*Source material*.
-------

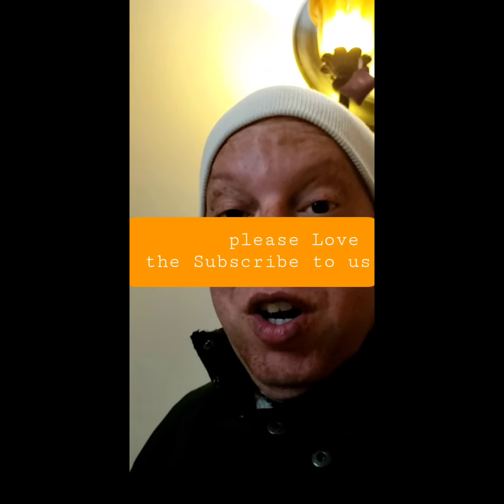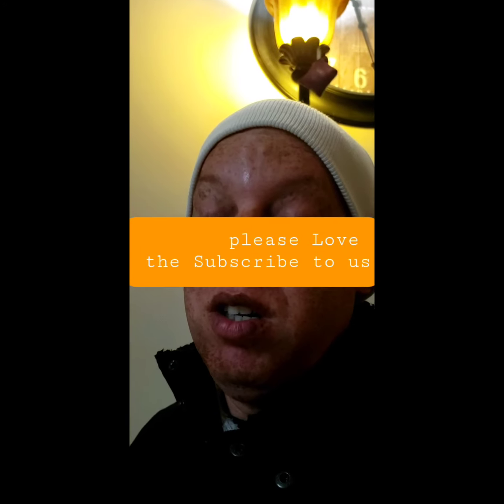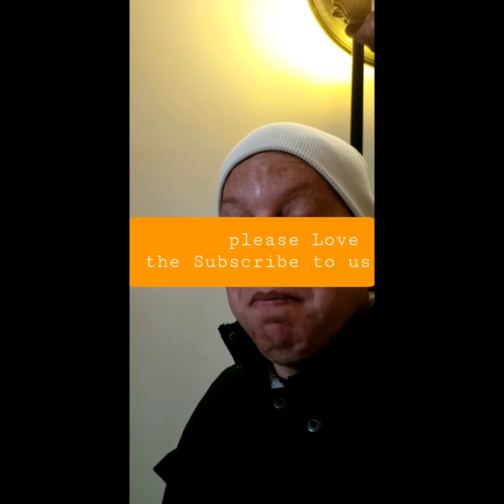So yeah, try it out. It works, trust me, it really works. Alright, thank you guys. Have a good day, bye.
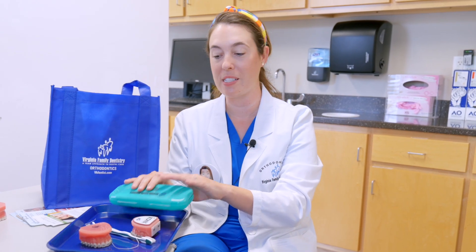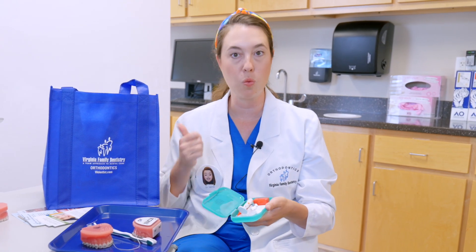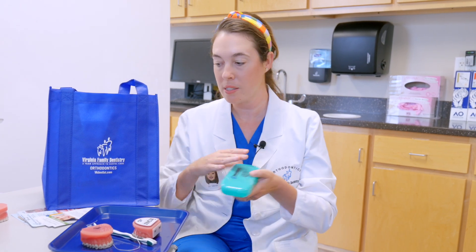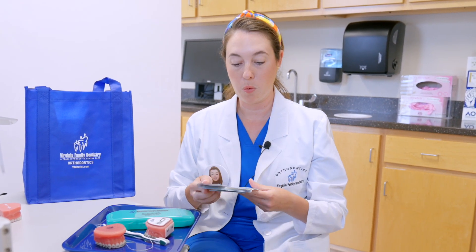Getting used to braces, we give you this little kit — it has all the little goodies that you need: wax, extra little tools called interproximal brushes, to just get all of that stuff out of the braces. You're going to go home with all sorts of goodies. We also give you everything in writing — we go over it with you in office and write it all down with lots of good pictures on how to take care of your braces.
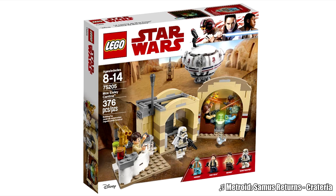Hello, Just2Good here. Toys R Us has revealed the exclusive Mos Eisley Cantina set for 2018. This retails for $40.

-------

The result should be the full listing, retyped exactly and free of pictures.

So yeah, try it out. It works, trust me, it really works. Alright, thank you guys. Have a good day, bye.
Getting used to braces, we give you this little kit — it has all the little goodies that you need: wax, extra little tools called interproximal brushes, to just get all of that stuff out of the braces. You're going to go home with all sorts of goodies. We also give you everything in writing — we go over it with you in office and write it all down with lots of good pictures on how to take care of your braces.
Hello, Just2Good here. Toys R Us has revealed the exclusive Mos Eisley Cantina set for 2018. This retails for $40.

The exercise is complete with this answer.